Now, if you consider the position I am in to-day with this particular line of manufacture, you will understand it is a very close proposition, and my business depends pretty much on " fill-ins” and “short ends." Where a buyer can anticipate his wants by six months I am not in with the price by 30 per cent. During the past year, when the times were pretty close and where the domestic buyer did not anticipate his wants very far ahead, my business was pretty good; but if he could have anticipated his wants, my business would probably not have been so good.
I would like to have you consider me in this position, that I would like to have a place in the schedule where I would not be thrown into such a position that I would be confused with any other line of manufacture, and that I might be given a position that would classify me and specify my particular line in such a way that I would be distinctly classified, and where it would not be hard to identify me.
Mr. Griggs. What do you call that ware?
The CHAIRMAN. Would " Guernsey " cover that?
Mr. Casey. Yes, sir. There are lines being imported, such as Sarreguemine, Luxemburg, and others. Some other foreign factories and houses, as I understand, are manufacturing and importing similar lines.
The CHAIRMAN. You think that would be entirely safe to describe the article, so that they could not bring it in here by some German name?
Mr. Casey. I don't know. It might be brought in in that way. I know it has been imported as common brown earthenware, at 25 per cent duty.
Mr. DalZELL. You get 55 per cent now?
The CHAIRMAN. How long have you been getting 55 per cent duty ? Mr. Casey. Possibly two years. I can not remember exactly.
Mr. Griggs. You mean to say that you use the term Guernsey," and that covers all imitations that might compete with that?
Mr. Casey. I think it would be better to place the lines that compete with mine in that paragraph.
Mr. Griggs. Will you file a statement?
Mr. Casey. I will file a statement, yes, sir; if I can have that pleasure.
Mr. COCKRAN. I did not quite understand what you meant by saying you could not anticipate.
Mr. CASEY. In case the buyer should anticipate his wants for six months, in that way he could place his order abroad for his quantities that can be brought in, say, six months or four months later on. That is anticipating your wants.

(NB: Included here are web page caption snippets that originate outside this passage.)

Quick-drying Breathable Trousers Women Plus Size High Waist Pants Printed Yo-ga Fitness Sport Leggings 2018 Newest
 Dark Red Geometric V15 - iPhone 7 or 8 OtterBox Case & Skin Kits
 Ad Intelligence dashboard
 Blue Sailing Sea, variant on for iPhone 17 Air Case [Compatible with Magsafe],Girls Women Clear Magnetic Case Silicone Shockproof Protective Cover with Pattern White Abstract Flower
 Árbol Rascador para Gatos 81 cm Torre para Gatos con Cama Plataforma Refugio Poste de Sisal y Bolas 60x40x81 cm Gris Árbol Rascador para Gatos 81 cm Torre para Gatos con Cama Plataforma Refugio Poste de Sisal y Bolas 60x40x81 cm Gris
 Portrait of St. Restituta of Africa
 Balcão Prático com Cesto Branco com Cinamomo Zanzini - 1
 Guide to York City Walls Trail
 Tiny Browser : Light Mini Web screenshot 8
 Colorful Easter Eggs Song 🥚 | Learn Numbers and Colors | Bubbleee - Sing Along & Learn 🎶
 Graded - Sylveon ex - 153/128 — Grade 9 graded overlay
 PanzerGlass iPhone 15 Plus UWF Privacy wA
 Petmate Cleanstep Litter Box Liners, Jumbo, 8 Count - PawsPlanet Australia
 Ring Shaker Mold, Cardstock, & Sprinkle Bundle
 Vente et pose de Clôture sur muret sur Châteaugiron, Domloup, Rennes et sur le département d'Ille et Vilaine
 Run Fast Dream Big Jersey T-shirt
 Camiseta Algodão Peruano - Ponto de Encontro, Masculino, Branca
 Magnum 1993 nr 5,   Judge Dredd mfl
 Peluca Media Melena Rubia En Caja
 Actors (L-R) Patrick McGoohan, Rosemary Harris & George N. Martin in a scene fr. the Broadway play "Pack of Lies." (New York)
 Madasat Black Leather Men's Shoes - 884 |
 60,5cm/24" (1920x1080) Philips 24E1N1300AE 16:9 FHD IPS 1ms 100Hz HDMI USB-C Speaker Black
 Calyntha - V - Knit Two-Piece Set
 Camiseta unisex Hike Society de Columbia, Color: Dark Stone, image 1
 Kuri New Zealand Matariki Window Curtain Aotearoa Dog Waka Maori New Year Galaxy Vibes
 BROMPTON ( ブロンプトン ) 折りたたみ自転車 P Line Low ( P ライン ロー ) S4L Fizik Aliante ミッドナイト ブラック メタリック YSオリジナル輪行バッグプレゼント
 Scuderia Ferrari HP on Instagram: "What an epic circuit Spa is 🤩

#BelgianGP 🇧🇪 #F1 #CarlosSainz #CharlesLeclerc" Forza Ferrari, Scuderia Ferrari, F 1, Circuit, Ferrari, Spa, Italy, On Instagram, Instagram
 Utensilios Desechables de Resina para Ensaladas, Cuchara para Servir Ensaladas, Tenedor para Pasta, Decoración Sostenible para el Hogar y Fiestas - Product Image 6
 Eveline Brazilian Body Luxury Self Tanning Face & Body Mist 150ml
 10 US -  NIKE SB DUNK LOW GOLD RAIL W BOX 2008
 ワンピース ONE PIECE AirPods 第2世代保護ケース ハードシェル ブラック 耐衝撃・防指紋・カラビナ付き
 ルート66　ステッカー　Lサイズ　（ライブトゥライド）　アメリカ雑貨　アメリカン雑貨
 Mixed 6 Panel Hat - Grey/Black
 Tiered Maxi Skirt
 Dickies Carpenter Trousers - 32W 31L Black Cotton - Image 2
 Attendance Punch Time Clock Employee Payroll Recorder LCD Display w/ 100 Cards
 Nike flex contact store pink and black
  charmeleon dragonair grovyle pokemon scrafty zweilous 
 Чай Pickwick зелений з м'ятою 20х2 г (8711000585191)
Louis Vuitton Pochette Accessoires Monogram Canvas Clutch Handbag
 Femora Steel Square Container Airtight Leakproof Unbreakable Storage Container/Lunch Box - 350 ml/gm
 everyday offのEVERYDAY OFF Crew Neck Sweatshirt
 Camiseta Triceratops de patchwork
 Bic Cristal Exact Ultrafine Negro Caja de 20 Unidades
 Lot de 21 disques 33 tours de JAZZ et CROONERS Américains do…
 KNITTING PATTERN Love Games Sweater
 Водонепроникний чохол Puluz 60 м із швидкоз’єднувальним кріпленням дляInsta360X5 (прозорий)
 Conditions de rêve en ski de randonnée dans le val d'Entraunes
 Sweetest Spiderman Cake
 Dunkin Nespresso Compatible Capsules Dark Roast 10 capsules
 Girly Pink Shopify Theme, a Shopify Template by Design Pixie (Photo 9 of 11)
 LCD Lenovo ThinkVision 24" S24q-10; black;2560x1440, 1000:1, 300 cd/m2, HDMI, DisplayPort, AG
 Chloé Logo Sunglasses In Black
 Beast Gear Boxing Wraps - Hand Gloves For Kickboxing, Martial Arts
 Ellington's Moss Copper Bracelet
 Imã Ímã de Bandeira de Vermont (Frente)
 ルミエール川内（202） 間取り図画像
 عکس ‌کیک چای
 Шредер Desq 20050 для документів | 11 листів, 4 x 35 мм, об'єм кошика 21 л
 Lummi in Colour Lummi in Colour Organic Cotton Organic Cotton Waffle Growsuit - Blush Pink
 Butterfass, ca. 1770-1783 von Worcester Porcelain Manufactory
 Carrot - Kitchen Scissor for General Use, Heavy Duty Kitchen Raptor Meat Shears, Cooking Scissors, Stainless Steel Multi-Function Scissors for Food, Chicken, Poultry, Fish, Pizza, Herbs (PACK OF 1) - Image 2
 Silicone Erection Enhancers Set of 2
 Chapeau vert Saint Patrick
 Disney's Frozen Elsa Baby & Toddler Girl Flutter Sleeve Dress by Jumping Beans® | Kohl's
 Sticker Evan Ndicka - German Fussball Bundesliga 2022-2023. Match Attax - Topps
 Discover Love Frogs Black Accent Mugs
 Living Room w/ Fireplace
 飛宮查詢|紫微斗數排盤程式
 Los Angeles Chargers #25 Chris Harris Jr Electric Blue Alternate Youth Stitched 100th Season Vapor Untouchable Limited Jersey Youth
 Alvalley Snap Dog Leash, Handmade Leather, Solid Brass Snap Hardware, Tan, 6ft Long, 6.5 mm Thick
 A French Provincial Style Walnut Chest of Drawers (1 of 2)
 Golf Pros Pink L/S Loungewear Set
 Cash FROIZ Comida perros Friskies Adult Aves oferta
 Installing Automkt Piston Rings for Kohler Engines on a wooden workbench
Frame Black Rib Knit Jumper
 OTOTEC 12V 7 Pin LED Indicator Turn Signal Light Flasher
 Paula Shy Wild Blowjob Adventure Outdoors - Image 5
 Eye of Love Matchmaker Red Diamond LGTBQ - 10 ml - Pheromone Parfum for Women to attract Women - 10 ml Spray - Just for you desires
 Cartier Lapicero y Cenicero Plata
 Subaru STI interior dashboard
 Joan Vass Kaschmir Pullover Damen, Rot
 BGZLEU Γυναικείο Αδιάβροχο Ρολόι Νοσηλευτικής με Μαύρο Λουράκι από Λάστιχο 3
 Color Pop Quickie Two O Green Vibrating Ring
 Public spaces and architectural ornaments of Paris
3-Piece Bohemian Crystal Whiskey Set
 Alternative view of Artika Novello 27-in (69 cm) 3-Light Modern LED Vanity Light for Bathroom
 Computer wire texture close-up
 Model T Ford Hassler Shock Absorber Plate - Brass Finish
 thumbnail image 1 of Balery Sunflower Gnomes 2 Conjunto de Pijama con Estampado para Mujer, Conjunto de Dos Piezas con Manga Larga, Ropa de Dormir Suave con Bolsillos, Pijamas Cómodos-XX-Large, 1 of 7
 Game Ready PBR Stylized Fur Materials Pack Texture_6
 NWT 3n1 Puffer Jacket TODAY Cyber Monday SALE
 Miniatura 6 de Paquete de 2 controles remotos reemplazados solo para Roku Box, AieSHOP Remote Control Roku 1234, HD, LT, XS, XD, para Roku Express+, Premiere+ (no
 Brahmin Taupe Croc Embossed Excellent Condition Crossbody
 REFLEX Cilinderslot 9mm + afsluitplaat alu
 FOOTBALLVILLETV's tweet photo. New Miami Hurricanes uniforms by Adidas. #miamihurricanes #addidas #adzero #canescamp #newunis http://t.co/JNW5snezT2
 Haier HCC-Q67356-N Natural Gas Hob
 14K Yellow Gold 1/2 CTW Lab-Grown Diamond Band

Mr. COCKRAN. Did you develop that manufacture yourself?
Mr. CASEY. Yes, sir. I am the only one in this country who manufactures it successfully.
Mr. COCKRAN. Is it made in Germany?
Mr. COCKRAN. And all you want is a distinction in the paragraph such a distinction as will insure to you the existing rates of duty ?
Mr. CASEY. Yes, sir.
Mr. CASEY. I should imagine about $120,000 of it is used in this country, of which we are now supplying about $45,000 worth.
Mr. Pou. You do not want a reduction of the duty ?
The CHAIRMAN. What can the foreigner lay it down in New York for, duty paid?
Mr. CASEY. How is that?
The CHAIRMAN. At what price can the foreigner lay it down in New York, duty paid?
Mr. Casey. At from 10 to 20 per cent lower than I can.
THE CAMBRIDGE ART POTTERY COMPANY, OF CAMBRIDGE,
OHIO, ASKS THAT SPECIAL DESIGNATION BE MADE OF GUERNSEY COOKING WARE.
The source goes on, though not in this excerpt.